Algunas de las notas que llevaba ocultas en el periódico estaban dirigidas a los golpistas que se hallaban en puestos de mando de tropa cerca de la frontera española. Una de las preocupaciones del grupo que había preparado la rebelión desde hacía meses era que España activase el Pacto Ibérico y enviase fuerzas a defender al régimen hermano de Portugal.

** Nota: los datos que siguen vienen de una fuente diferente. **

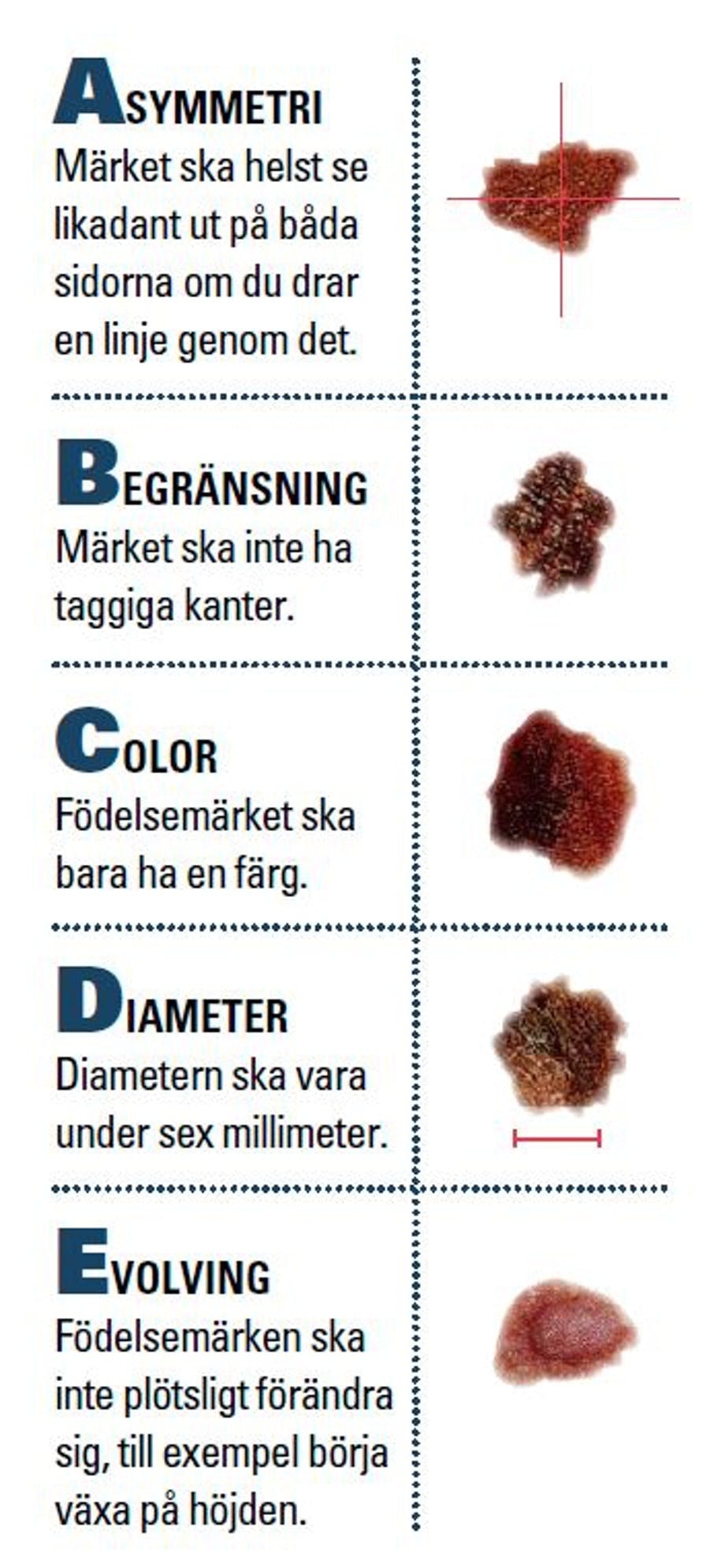 Hur ser malignt melanom ut? Bilder av malignt melanom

No sabían, ni remotamente podían imaginarse, que a diferencia de lo que ocurría con su Gobierno, la dictadura española se hallaba al tanto de lo que Saraiva de Carvalho y sus compañeros estaban tramando.

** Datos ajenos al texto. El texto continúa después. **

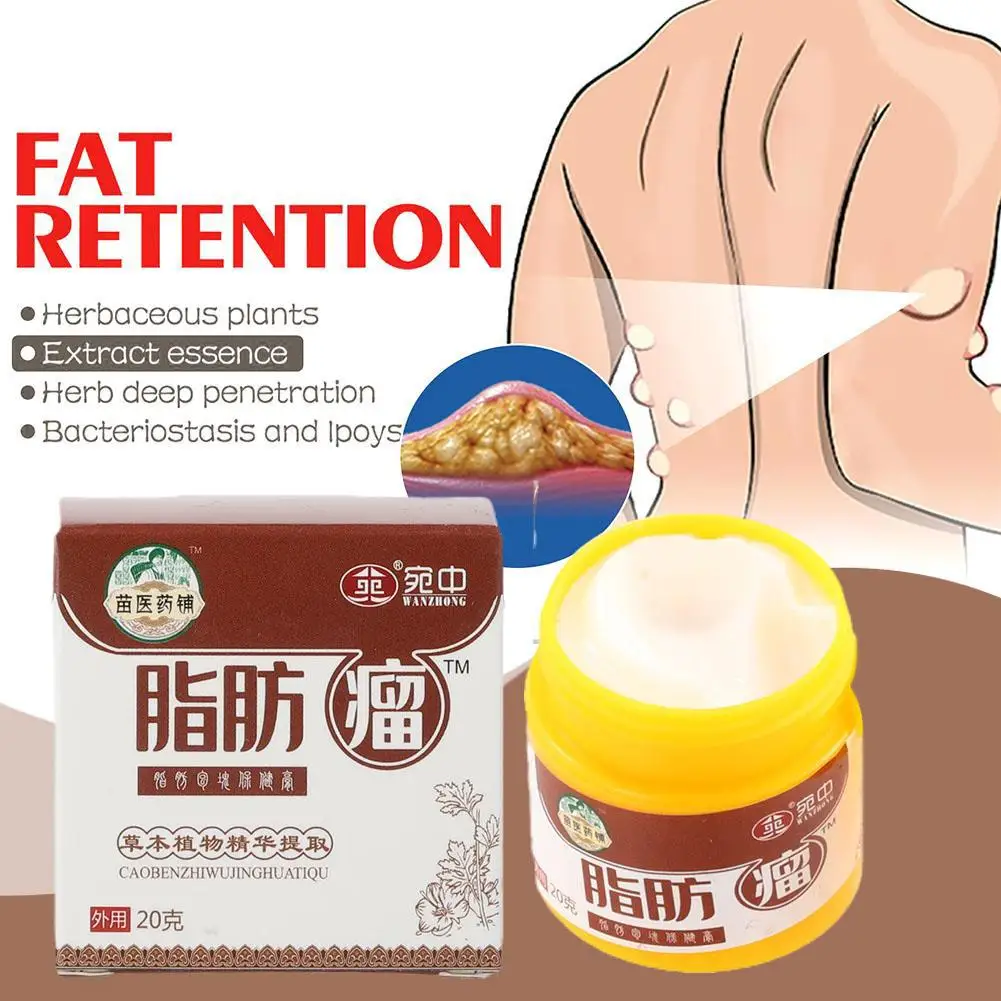 20G Lipoma Removal Cream The Whole Body Multiple Subcutaneous Conditioning Cream Eliminate Tumor Removal Ointment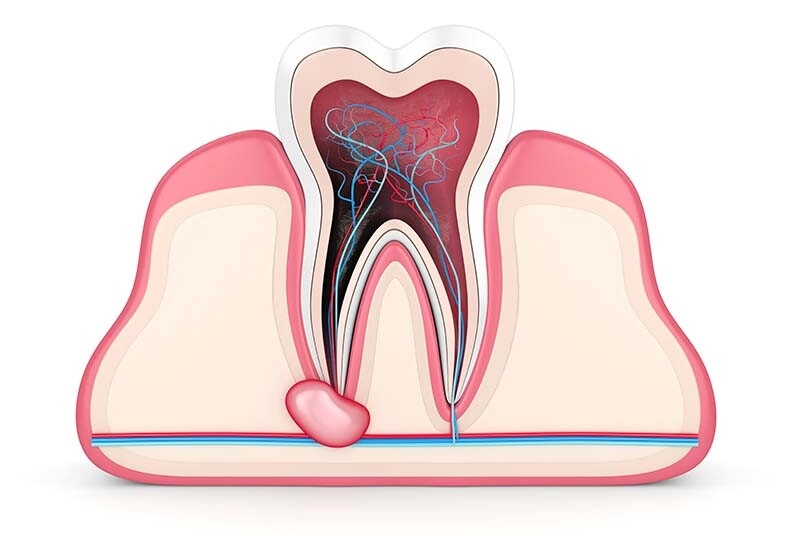 Root Canal Therapy in McKinney - McKinney Dentist Dentist in McKinney, root canal cost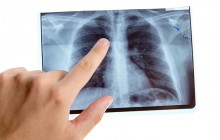 Lungenembolie Anzeichen – frühzeitiges Erkennen bedeutsam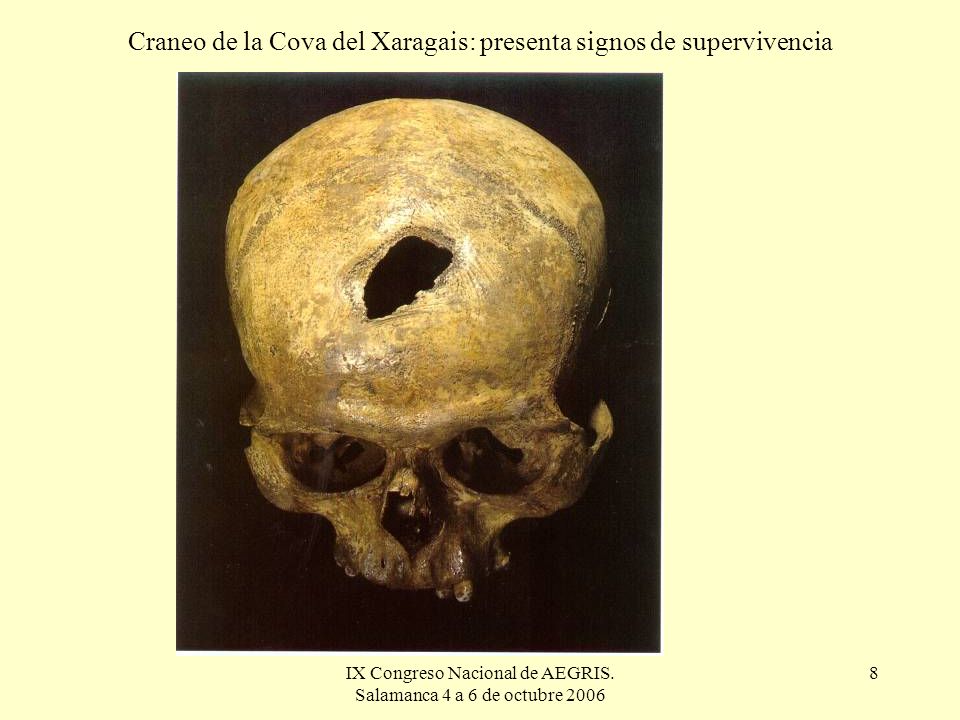 Craneo de la Cova del Xaragais: presenta signos de supervivencia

Unos días antes Nicolás Franco Y Pascual de Pobil, hijo de Nicolás Franco, el eterno embajador de España en Portugal, conocido en Madrid como 'el sobrino heterodoxo del Caudillo', recibió una llamada de un viejo y aristocrático amigo portugués que le dejó intrigado, tanto que apenas sin dudarlo cambió sus planes y corrió al aeropuerto a coger un avión a Lisboa. «Sé que es un atraco lo que te pido pero quisiera que vinieras a cenar esta noche a mi casa, en Sintra; no te puedo anticipar nada por teléfono, pero es importante», le había dicho.

El amigo, con quien había compartido colegio, le esperaba en el aeropuerto de Lisboa. Le recogió y en el viaje en coche hasta Sintra le contó que acababa de regresar de Bisau donde había estado trabajando. «Te he hecho venir, y te agradezco que lo hayas hecho, porque esta noche tengo un invitado muy importante a cenar que quiero que conozcas». «Hombre, no seas tan misterioso», le respondió Nicolás, «de todos modos vengo preparado: traigo corbata y no voy a pasar por el hotel a quitármela». «No, no, Nicolás. Te quedarás a dormir en casa. Hay habitación para invitados».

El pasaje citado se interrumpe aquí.